After puppet applies the catalog, it sends a report containing events about each processed resource in the catalog. The report is processed synchronously on the puppet master, and will take varying amounts of time. As a result, there is no guarantee that puppet will exit cleanly before the reboot occurs.

A more robust solution would allow providers to register commands to be executed after sending the report and prior to exiting, similar in idea to the postrun_command setting, though likely different in implementation.

Batching Reboot Requests

We do not plan on supporting batching of reboot requests, e.g. install 5 packages and only reboot at the end. There are some core issues in puppet that make this hard, e.g. see http://projects.puppetlabs.com/issues/2198. Also, it's not clear what should happen if 4 packages install successfully, but 1 fails.

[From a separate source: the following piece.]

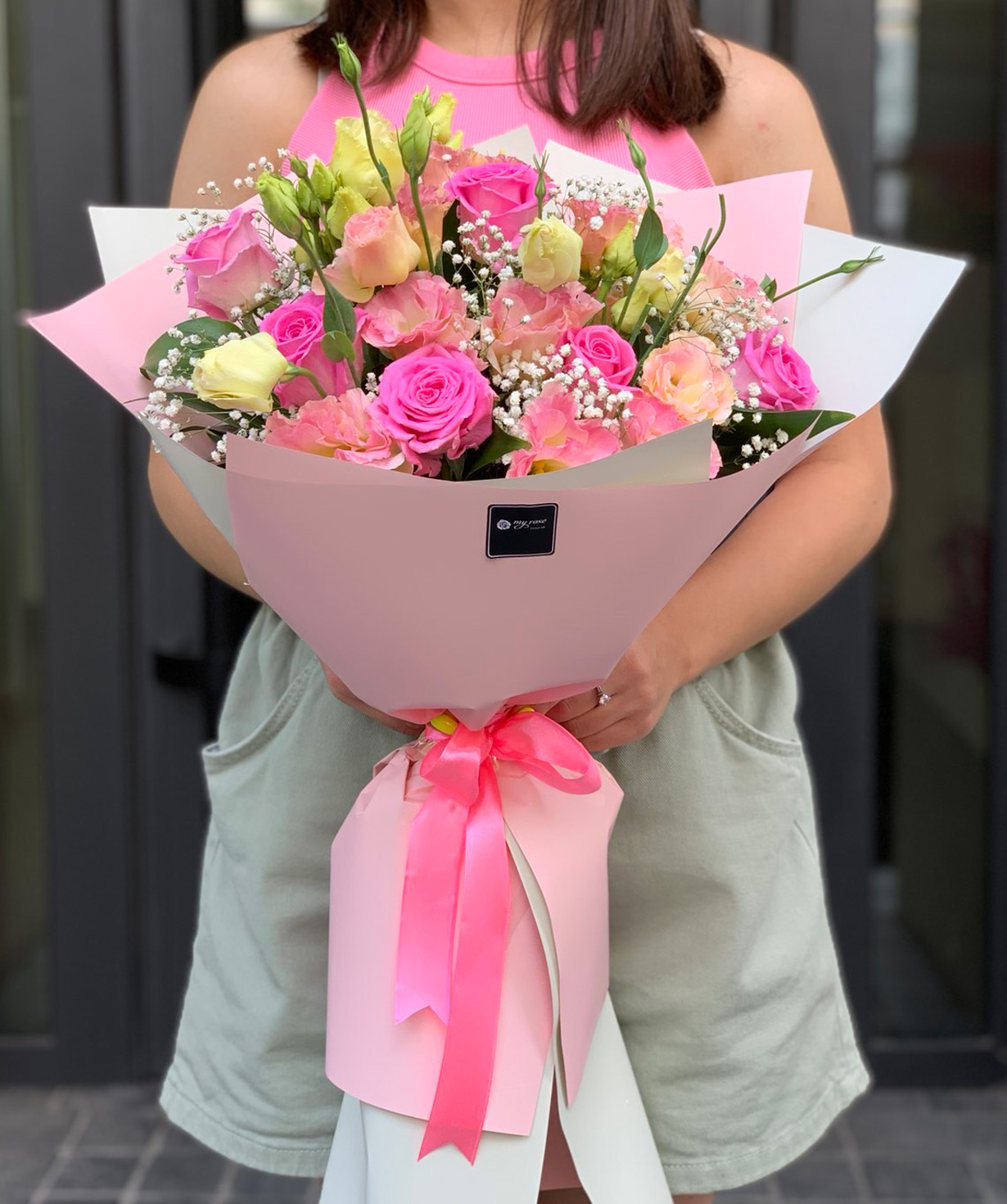 Bouquet `Mantova` with roses and lisianthus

Alternatives and Recommendation

  1. We could create a rebootable property (like ensurable) and add it to the package, dism, registry_key, etc types, but restrict it to providers that implement the manages_reboot feature. For example, the Windows package provider would implement the manages_reboot feature, and mixin code for performing a reboot.

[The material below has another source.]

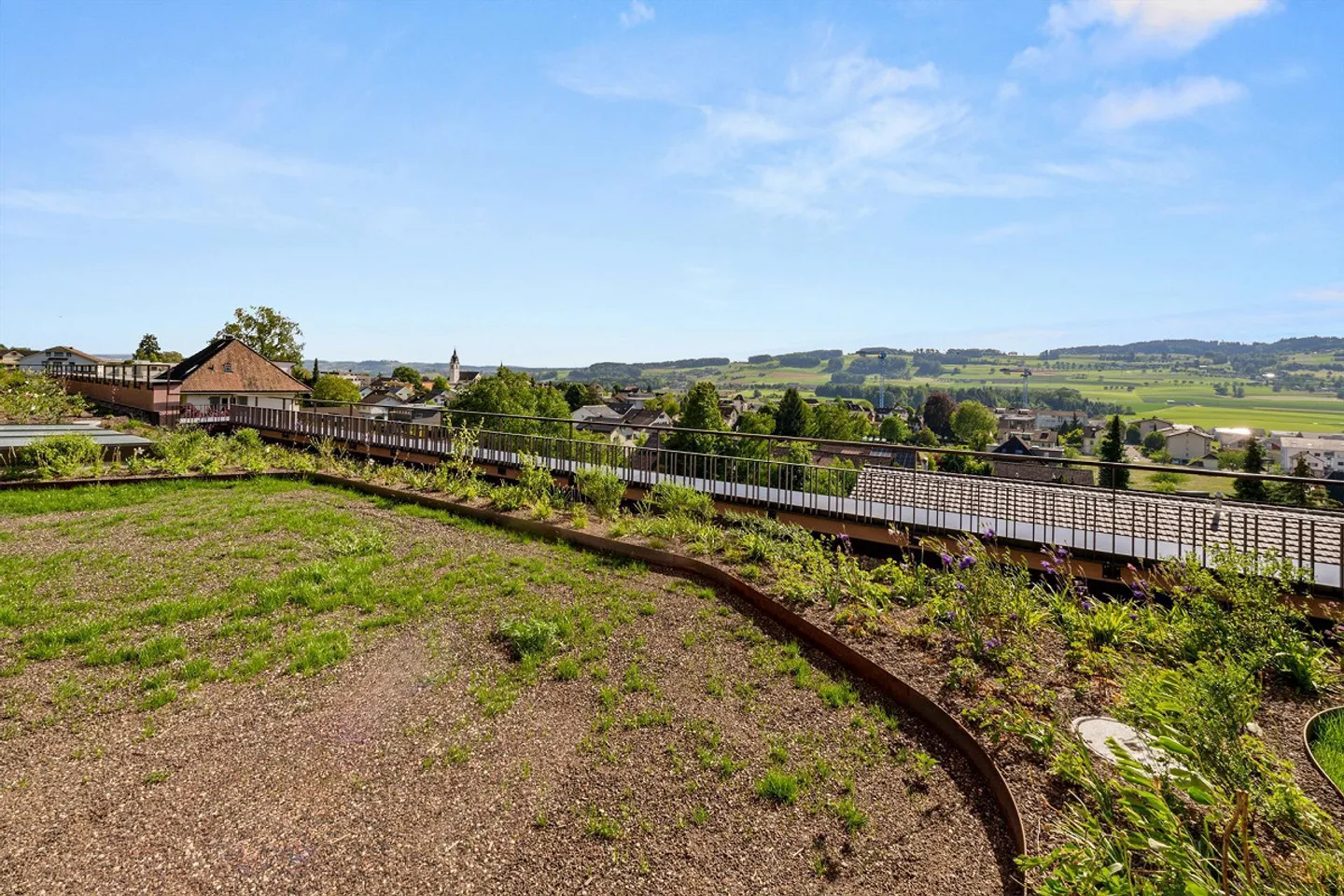 Neubau mit atemberaubendem Blick - Foto 1 von 5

    The benefit of this approach is that the provider is in the best position to know under what conditions a reboot is necessary. For example, if a package is installed, then a reboot is only necessary if msiexec returns 3010, but not if it returns 0.

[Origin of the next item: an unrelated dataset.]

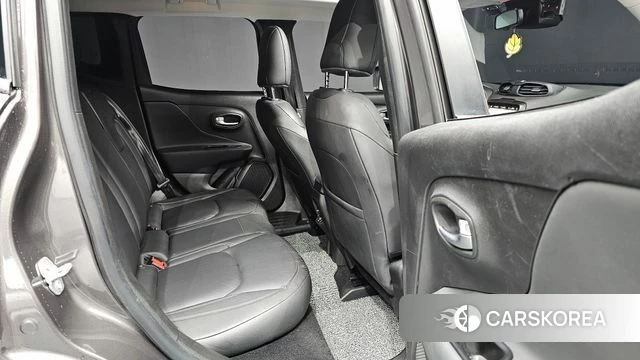 Jeep Renegade 2021 Черный из Кореи, фото 3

    The downside is that it tightly couples reboot behavior with specific type/providers, which could be problematic when using third-party modules. For this reason, I don't recommend this approach.

  2. In order to eliminate the race condition mentioned earlier, we could create a watcher process, to wait for puppet to exit, and then execute the desired commands. Doing so has its own issues, such as the lack of fork on windows, which makes it harder to serialize the block of code to execute in the watcher process.

Risks and Assumptions

We're assuming that users actually want puppet to reboot their systems. If this is not the case, then providing a reboot_pending fact would be sufficient. But based on user feedback, I believe some users do want puppet to reboot their systems, mostly for the refresh-based reboot scenario.

If the system does not clear the reboot_pending state after a reboot, such as the registry key PendingFileRenameOperations, then the system could get into a reboot loop.

Dependencies

Both puppet and facter would need to be able to detect if a reboot is pending. Either the code should be shared or copied. Another option is if puppet can force facter to re-lookup the reboot_pending fact each time, e.g. volatile fact.

Impact

This feature will enable users to manage a critical piece of configuration management on Windows.